His comments come after figures for the Government's finances published yesterday show the operating balance excluding gains and losses (Obegal), which strips out unrealised investment gains or losses, for the 11 months to May 31 was a deficit of $4.7 billion.

That was $1.1 billion, or 18.5 per cent, lower than forecast for the period in May's Budget.

"In many ways, restraint in the public sector is only just starting," English said.

"In our first two Budgets, the Government took early steps to bring deficits and Government debt under control. We will build on that over the next few years by living within our $1.1 billion annual allowance for extra operating spending and weeding out lower-priority spending.

"We still have a significant medium-term challenge to get back to surplus as soon as possible."

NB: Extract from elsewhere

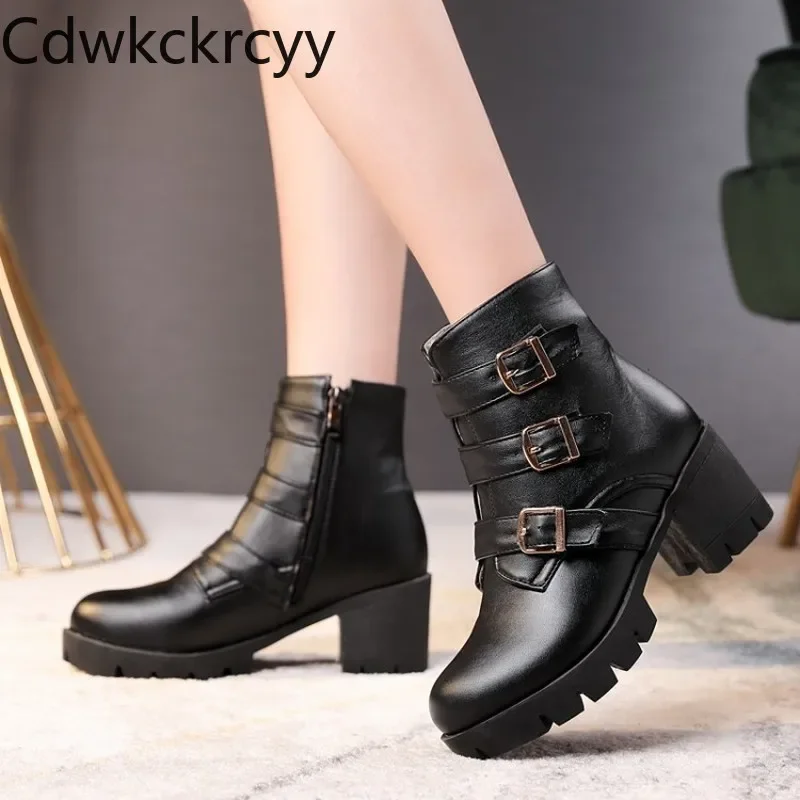 winter The New fashion Round head Thick bottom boots British style Handsome Plus velvet Keep warm High heel Women boots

The Government's financial statements, published by the Treasury, show that for the 11 months to the end of May core Crown tax revenue was $243 million or 0.5 per cent higher than forecast, mainly due to GST revenue being up $238 million or 2.2 per cent.

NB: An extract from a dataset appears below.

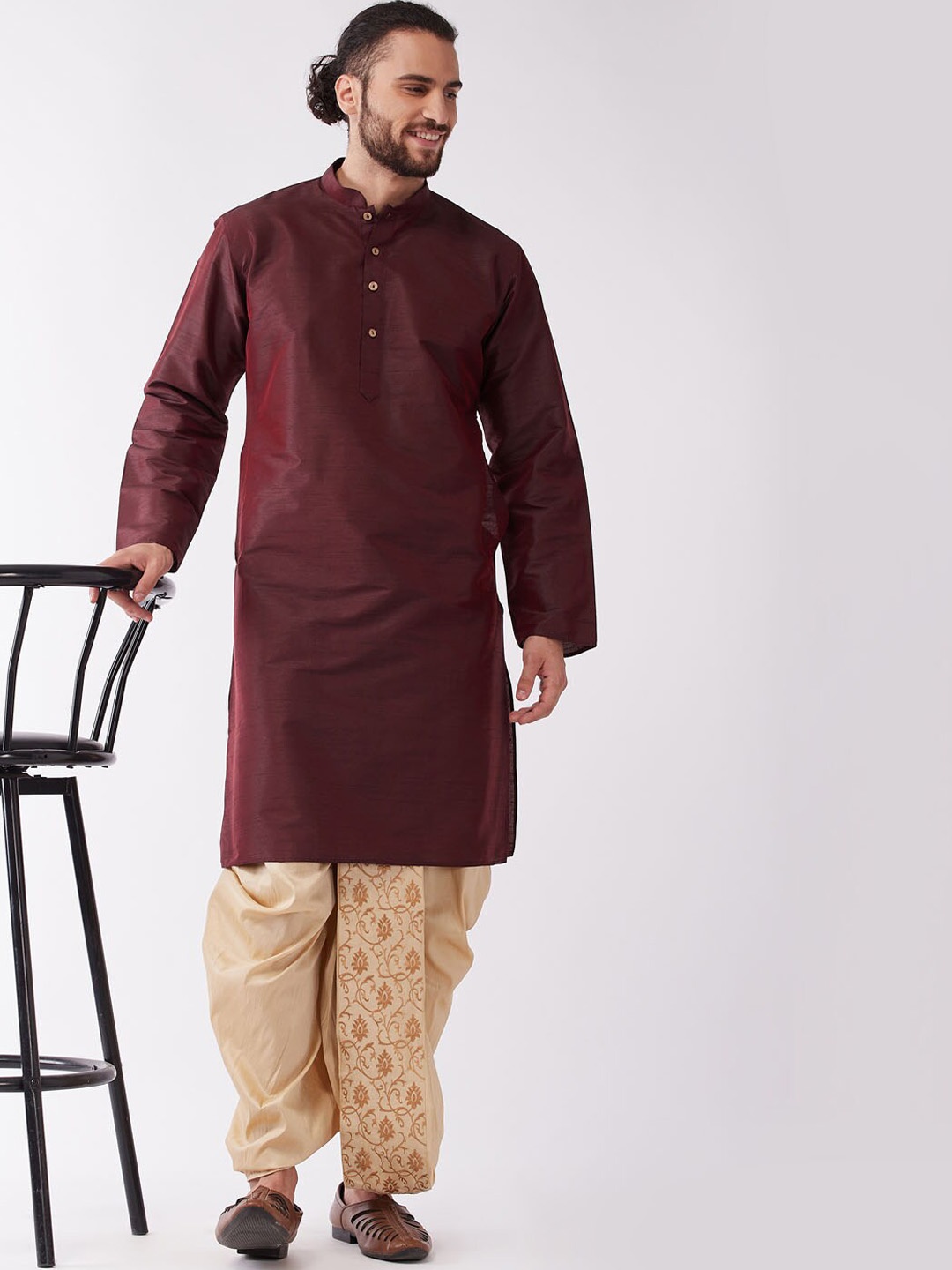 

VASTRAMAY Mandarin Collar Regular Straight Kurta With Dhoti Pants, Burgundy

The GST variance was expected to reverse next month, leaving tax revenue close to the full-year forecast.

Core Crown expenses continued to be behind forecast, with the variance growing from $416 million in the 10 months to April to $558 million in the 11 months to May. The core expenses were 1 per cent lower than forecast.

Factors contributing to the lower core expenses included $82 million or 0.4 per cent lower than forecast spending on social security and welfare spending.

The largest factor was family tax credits $94 million below forecast, driven by fewer recipients and an incorrect split of forecast expense between May and June. It was expected some of that difference would be reversed for June, Treasury said.

The operating balance deficit for the 11 months came in $73 million or 3.5 per cent worse than expected at $2.2 billion. That was due to the downturn in global equity markets, triggered by the European sovereign debt crisis, leading to a fall in gains on the Crown's investment portfolios, Treasury said.

Year-to-date investment income for the NZS Fund was $203 million below forecast, and that for ACC $208 million below. ACC had reported a year-to-date actuarial loss of $35 million, compared with a forecast gain of $204 million.

Gross debt was $685 million (1.3 per cent) lower than expected due to market conditions limiting the issuance of Government stock and treasury bills, which were $465 million and $812 million below forecast, respectively.

Net debt was close to forecast at $25.4 billion, 13.6 per cent of GDP.